Sometimes it’s easier to allow it to be “their problem” and let them deal with it in their own way. Sometimes others’ wounds remind us of our own, and we too would like to keep that hidden. But that’s not relating, it’s just managing.
I might also point out, that to dig up wounds for the sake of “healing” them and being a hero or rescuer, can be manipulation or using one another, and that’s not healthy either. There’s no healthy substitute for relating.
It takes learning what it’s like to be in our own skin, or to feel our own bones before we can actual relate to another. And yet…we have this thing called “relationships” were sometimes we just get lost and hide in one another. We don’t always consider what’s it like to be who I am, and what does that have to do with being connected to this person here, who I am in a relationship with. Instead we’re hiding in feelings, schedules, raising a family, making then spending money, plans for the future …and we take very, very little time to consider our soul or the one whom we love, their soul. We just keep passing the days, and we do fine.
I don’t want fine. I don’t want a good life. I don’t want average. …and I don’t want that for my man. He’s more than that, I know. I’m not sure he knows. Despite my struggles of worth & importance, my spirit knows that my life was made for adventures. I know I could be something that helps others cue into their importance, and I know that it could be world changing. But I have to be able to touch something that’s alive. I have to have life within myself that I believe is unique and intentional for my surroundings.

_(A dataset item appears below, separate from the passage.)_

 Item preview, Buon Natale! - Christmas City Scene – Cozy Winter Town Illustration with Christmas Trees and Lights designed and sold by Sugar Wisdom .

For me I have to believe in God who believes in me. A God who created be to be some specific in this time and in this generation. For me this is my bases for being able to relate to other people despite any internal struggles, or even because I have those specific internal struggles. I know I’m not the only one who struggles, and reality has allowed me to connect to something gives me strength to bear the load and shuck the shame.
Relationships were meant to have more relating in them, than what we give credit to them in our modern society. To be able to relate is world changing, life-touching, and life giving. Consider… what does relating have to do with (my) relationships?